В эту ночь она слегла в тифу, провалилась в горячий бред. Она пролежала семь недель, и, когда наконец встала, в городе уже распоряжались красные, а госпиталь был раскассирован.
Скоро слуха ее коснулось страшное известие о варварской расправе над ранеными офицерами. Уверяли, что в живых будто бы не осталось ни одного человека, называли имена предателей, которые выдавали фамилии и чины офицеров.

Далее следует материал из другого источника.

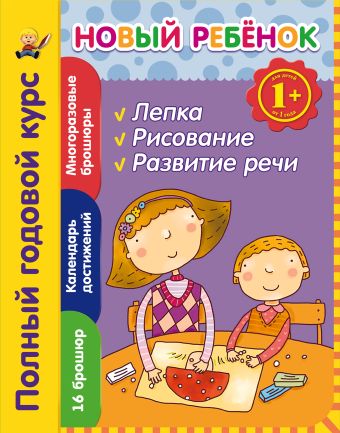 1+ Новый ребенок. Полный годовой курс 1+ Новый ребенок. Полный годовой курс Янушко Е.А.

Елочка была потрясена; при одной мысли, что его постигла та же участь, охватывала дрожь… Убить безоружного, убить раненого, который не может защищаться, убить слабого, измученного, убить… Лучше было не думать, но мысль ее словно в заколдованном кругу возвращалась все к тому же: ведь ему только что стало лучше, только что стал яснее его взгляд, он в первый раз приподнялся, не меняясь в лице от боли…
Выздоровление после тифа осталось в ее памяти как самый тяжелый период в жизни: сразу две потери — любимый человек и последний оплот Родины! Тогда было навсегда смято в ней что-то свежее, благоухающее. Как будто в один миг расцвела и тотчас поблекла ее юность.
Исхудалая, вялая, апатичная, она целыми часами неподвижно сидела в кресле, без слов, без мысли.
— После, — отвечала она, когда ухаживавшая за ней тетка уговаривала поесть или выйти на воздух. — Не хочется, тетя, после!
Когда она немного окрепла, дядя и тетка увезли ее в Петербург. Она не представляла себе, как вернется к жизни, и не видела ни цели, ни смысла, Но жить надо было и, прежде всего, надо было содержать себя. Бабушки уже не было в живых, а имение и деньги, положенные в банк на ее имя, национализированы. Все тот же дядя, теперь уже снявший погоны, устроил ее под своим начальством в одной из петербургских клиник. И она начала работать… Уже без воодушевления, без интереса, и без креста на груди!
Понемногу она привыкла к своей работе и приобрела все профессиональные навыки.
Внешне она казалась уже вполне спокойной и уравновешенной, но всякий раз, когда ей приходила на память судьба раненых в феодосийском госпитале, она менялась в лице, у нее судорожно подергивались губы, и она подносила руки к голове, как будто защищаясь от удара.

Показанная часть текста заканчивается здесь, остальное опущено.